Column 20 is also fabricated from a resilient material to provide further acoustic isolation. It must be sufficiently rigid to support the transducer in a relatively fixed position while allowing movement to accommodate the insertion of variously shaped handsets. A 50A durometer Neoprene rubber has been found satisfactory.

The column 20 has a lower, flange portion 31 which contains the mounting holes 30. A hollow pillar 32 rises from flange 31 at an angle corresponding to that of the telephone handset. Pillar 32 has a cylindrical interior to accommodate transducer and acoustic seal support member 35 which is fabricated from a relatively rigid material. Support member 35 has a generally cylindrical shape with a series of flanges and shoulders to accommodate and support the sleeve shaped acoustic seal 40 and the transducer 50, as well as provide for easy assembly into the cylindrical interior of pillar 32.

Each acoustic column 20 is provided with a transducer 50. The transducer associated with the transmitter portion of the handset is of the type which converts an electrical signal into an acoustic signal. The other transducer is effective to convert the acoustic signal from the handset receiver into an electrical signal.

The transducers are secured to support members 35 by cementing or bonding the transducer flange 41 to the bottom surface of shoulder 42.

Support members 35 are bonded or cemented in place within pillars 32. The configuration of the inner surface of pillars 32 is complementary to the corresponding portion of support member 35. A portion of pillars 32 facing the center of the assembly is cut away to form opening 43 to facilitate wiring of the transducers.

The upper portion of support member 35 is cylindrical in shape to accommodate acoustic seal 40. The configuration of seal 40 is such that contact with support member 35 exists only at the top and bottom of the two elements before the handset is inserted. An upper shoulder 45 is cemented to a corresponding surface of support member 35. This shoulder prevents the seal from being forced downward when the handset is inserted. The outside diameter of the seal 40 in the region 46 is essentially the same as the inside diameter of support member 35 at that point.

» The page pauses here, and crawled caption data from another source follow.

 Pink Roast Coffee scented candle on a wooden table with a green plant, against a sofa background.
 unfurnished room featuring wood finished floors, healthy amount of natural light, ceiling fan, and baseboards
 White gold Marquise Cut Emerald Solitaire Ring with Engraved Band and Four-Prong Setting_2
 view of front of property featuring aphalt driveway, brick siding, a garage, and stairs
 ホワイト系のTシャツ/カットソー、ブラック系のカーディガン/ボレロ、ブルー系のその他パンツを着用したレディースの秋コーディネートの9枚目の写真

The inner diameter of seal 40 in this area is approximately the same as the diameter of that portion of the inserted handset which engages the seal.

A lower shoulder 47 serves to space the outer wall 48 of the seal from the support member 35. This lower shoulder provides a dual function by supporting the wall of seal 40 away from the support member 35 and additionally providing a limiting function on the depth which the handset can be inserted into the seal.

The tapered wall of seal 40 is thinner at the top than it is at the bottom. As the handset is inserted, the upper wall is more easily deflected than the lower wall and therefore conforms closely to the handset regardless of the shape of the handset.

The lower portion of the wall is thicker and provides a progressively increasing force as the handset is inserted further into the cavity. This provides the tight contact which is essential to a good acoustic seal. The more flexible upper portion of the wall is effective to increase the area of contact between the handset and the seal 40 to improve the isolation of the transducer 50 from ambient noise. In addition to improved isolation, the improved seal increases the effective coupling between the handset and the transducers.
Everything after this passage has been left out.